▸ **TASK DETAILS**:
Nothing but the text of the records belongs in your answer: repeat all of it exactly and leave out the images.

Image-caption web data:
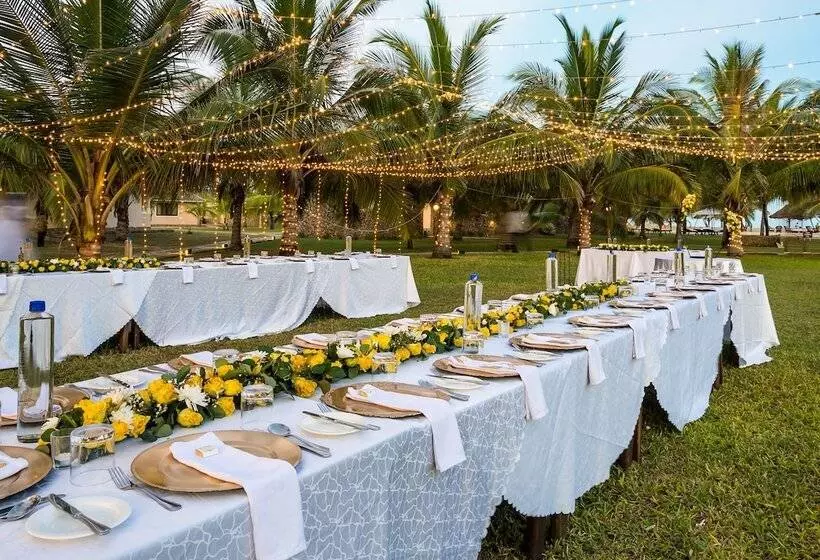 هتل Ocean Beach Resort & Spa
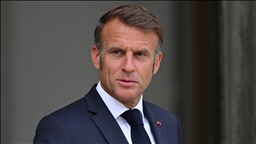 Emmanuel Macron se défend après avoir reçu Nicolas Sarkozy à l’Elysée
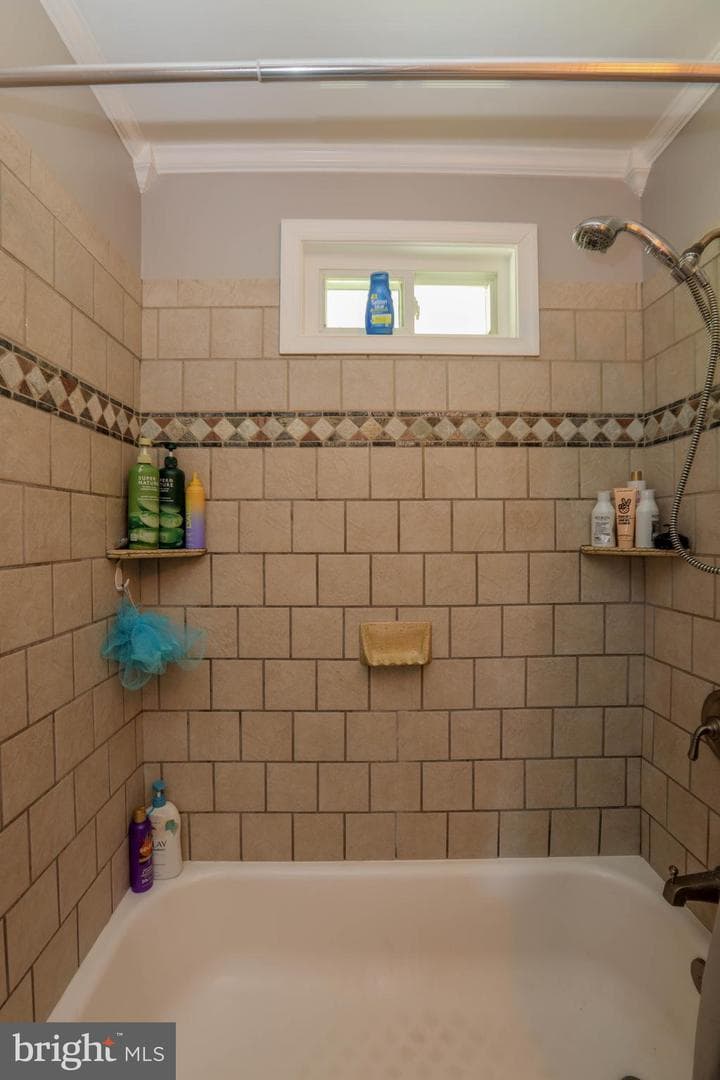 2504 Ambler Court photo 10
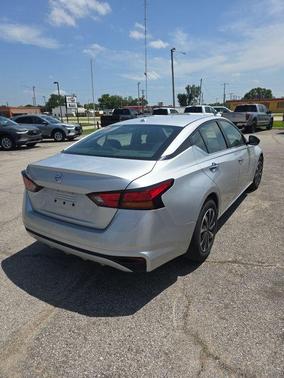 Brilliant Silver Metallic 2020 Nissan Altima S FWD
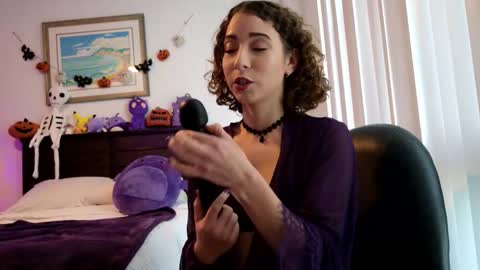 littledeathtrap online show from November 5, 9:04 pm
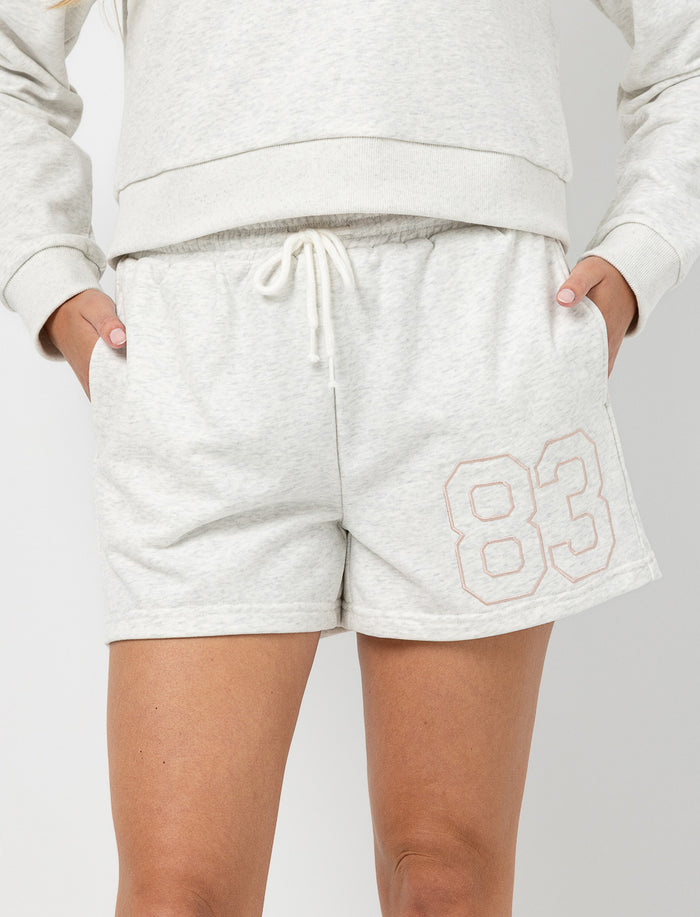 Short à broderie et taille élastique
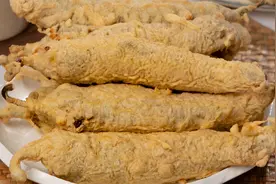 青椒别只炒着吃，做成炸青椒酿肉，一咬爆汁香绝了~视频封面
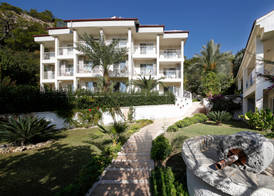 Morina Deluxe Hotel 3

▸ **RESPONSE TO THE TASK**:
 هتل Ocean Beach Resort & Spa
 Emmanuel Macron se défend après avoir reçu Nicolas Sarkozy à l’Elysée
 2504 Ambler Court photo 10
 Brilliant Silver Metallic 2020 Nissan Altima S FWD
 littledeathtrap online show from November 5, 9:04 pm
 Short à broderie et taille élastique
 青椒别只炒着吃，做成炸青椒酿肉，一咬爆汁香绝了~视频封面
 Morina Deluxe Hotel 3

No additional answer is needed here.